▸ Data for processing:
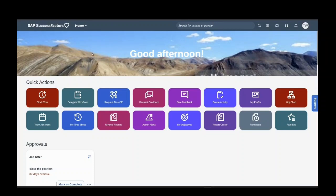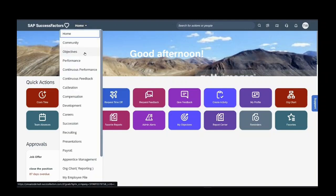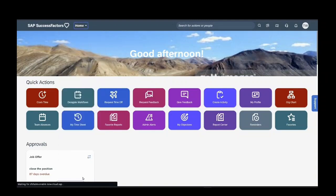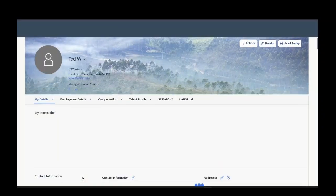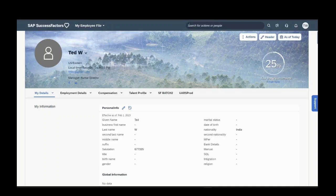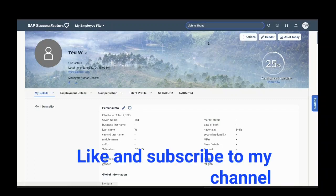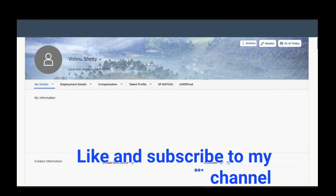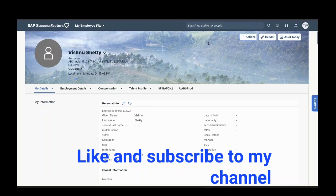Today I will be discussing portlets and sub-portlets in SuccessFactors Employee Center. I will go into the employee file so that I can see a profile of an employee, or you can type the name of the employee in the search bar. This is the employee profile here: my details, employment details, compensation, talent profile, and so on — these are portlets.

--

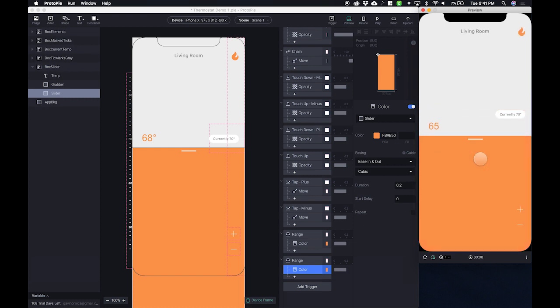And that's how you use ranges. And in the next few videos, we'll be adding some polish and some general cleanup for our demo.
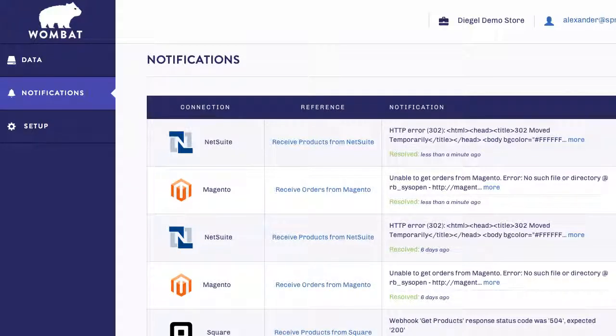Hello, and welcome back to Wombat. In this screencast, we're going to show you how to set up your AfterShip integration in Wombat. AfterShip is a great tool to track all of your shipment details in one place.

▸ Exercise: Please output the lines above beginning at the line with "And that's how" and ending after the line with "Hello, and welcome", precisely as written and with no pictures.

▸ Written solution:
And that's how you use ranges. And in the next few videos, we'll be adding some polish and some general cleanup for our demo.
Hello, and welcome back to Wombat. In this screencast, we're going to show you how to set up your AfterShip integration in Wombat. AfterShip is a great tool to track all of your shipment details in one place.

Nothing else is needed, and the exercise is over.